I’m in the process of editing my novel into suitable rough draft form before handing it over to my beta readers. I admit to feeling like an overprotective parent – trying to make sure that my awkward but well-meaning progeny is ready for what I hope to be an encouraging and thought-provoking debut. Yes, the term is “rough” draft, so it’s not meant to be at 100%, but neither do I want to have to scrap it and start from scratch.

With that in mind, I have been doing a bit of double dipping. I have the copy I keep at home, and another copy that I keep to work on when away from home. This has been a happy arrangement for the last few months that I’ve been writing the novel, and I thought I was doing a pretty good job of updating myself on any edits floating between the two copies…so that I would always have the most recent copy at my disposal.

I was wrong.

It’s pretty safe to say that I know my novel by heart.
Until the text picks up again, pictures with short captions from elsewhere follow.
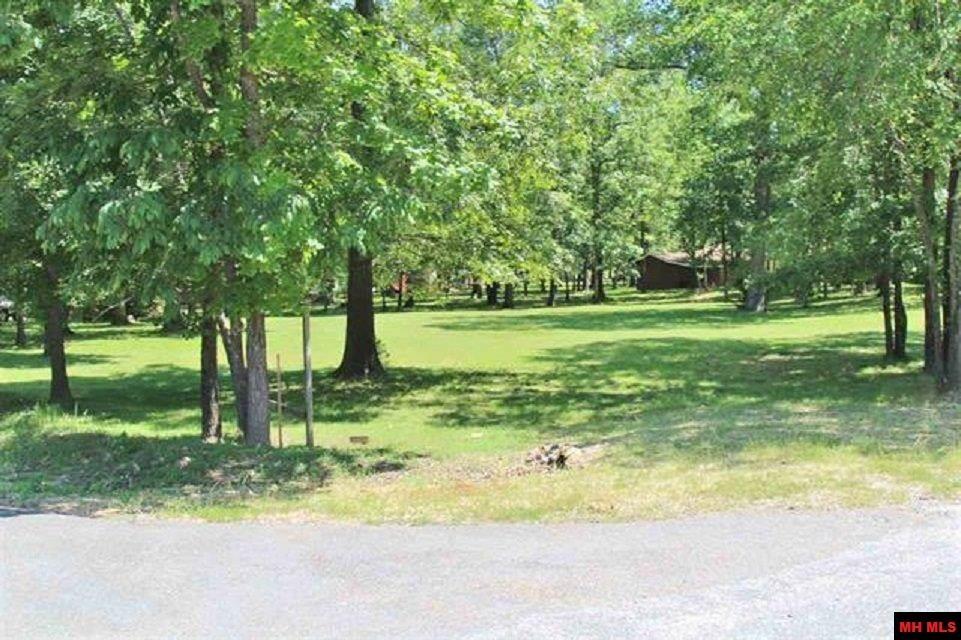Image 1: Image 1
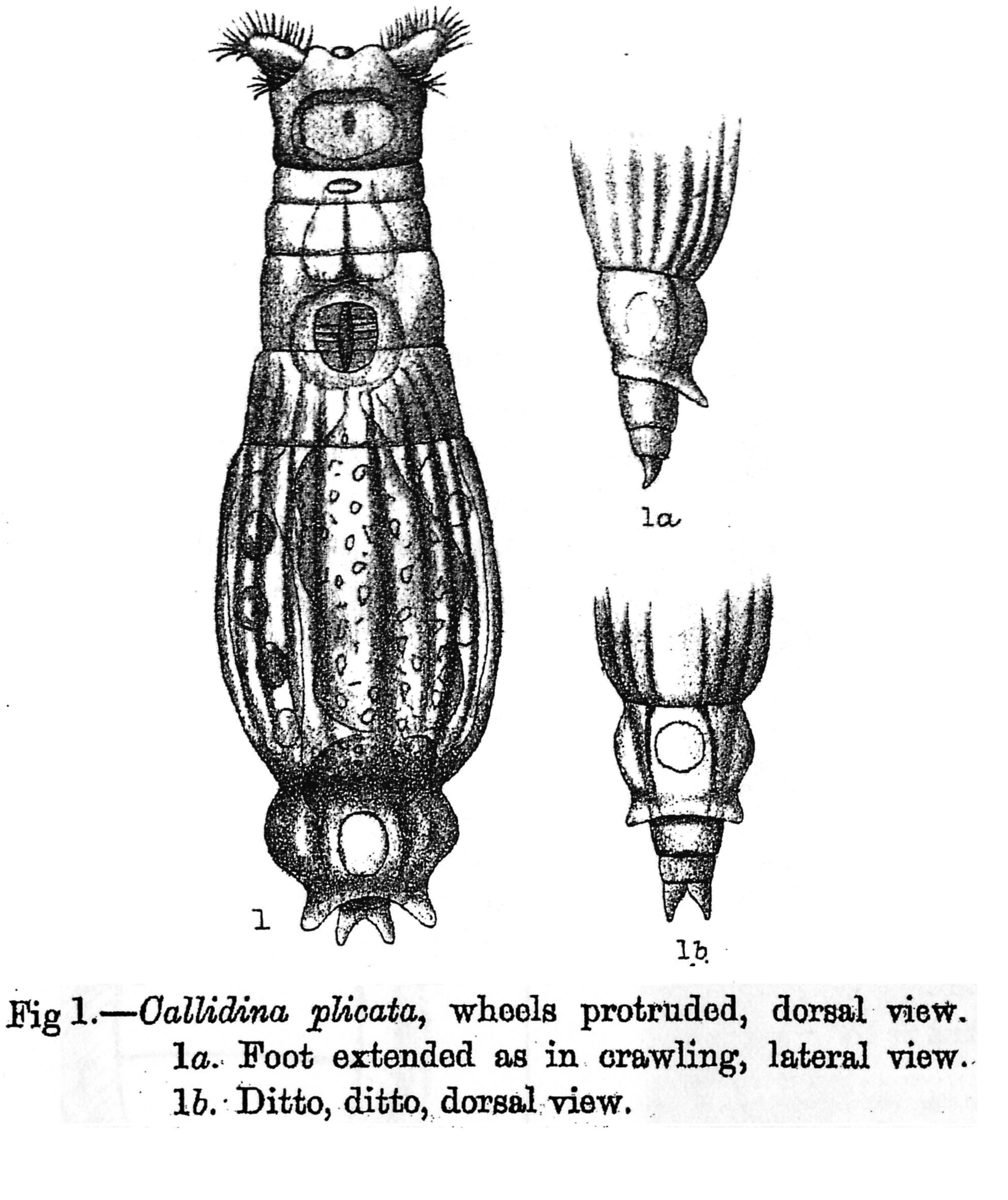Image of Macrotrachela plicata (Bryce 1892)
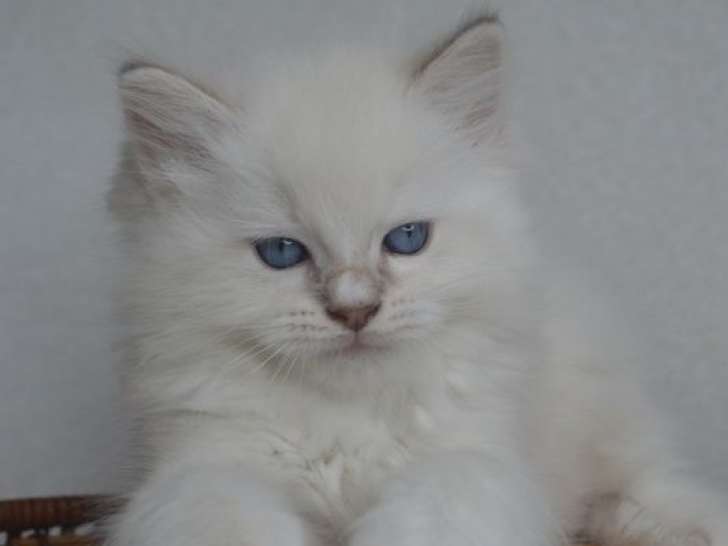 1 chaton Ragdoll LOOF à réserver, femelle lilac tabby mitted d'août 2025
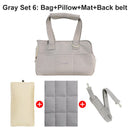 Handbag Pet  Carrier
I am acutely aware of the flow of the story, and there is an expectation that certain scenes that I know I wrote will be there when I perform each chapter edit.  It’s valid to say that I was shocked a few nights ago when I opened what should have been (and was labeled as) the most recent edit of the novel, intending to pick up from where I left off in the reading and editing process…only to find an entire section missing.

As though I’d become a character in some cheesy hidden camera show, I actually looked around the room with an, “Are you kidding me?” expression, while scrolling through the document once more for the half-dozen or so pages that had somehow disappeared.

Thankfully, I do keep a rather extensive electronic history complete with additional backups, and the mistake was quickly remedied.  I realized then that I need to do a much better job of “transporting” the novel from place to place.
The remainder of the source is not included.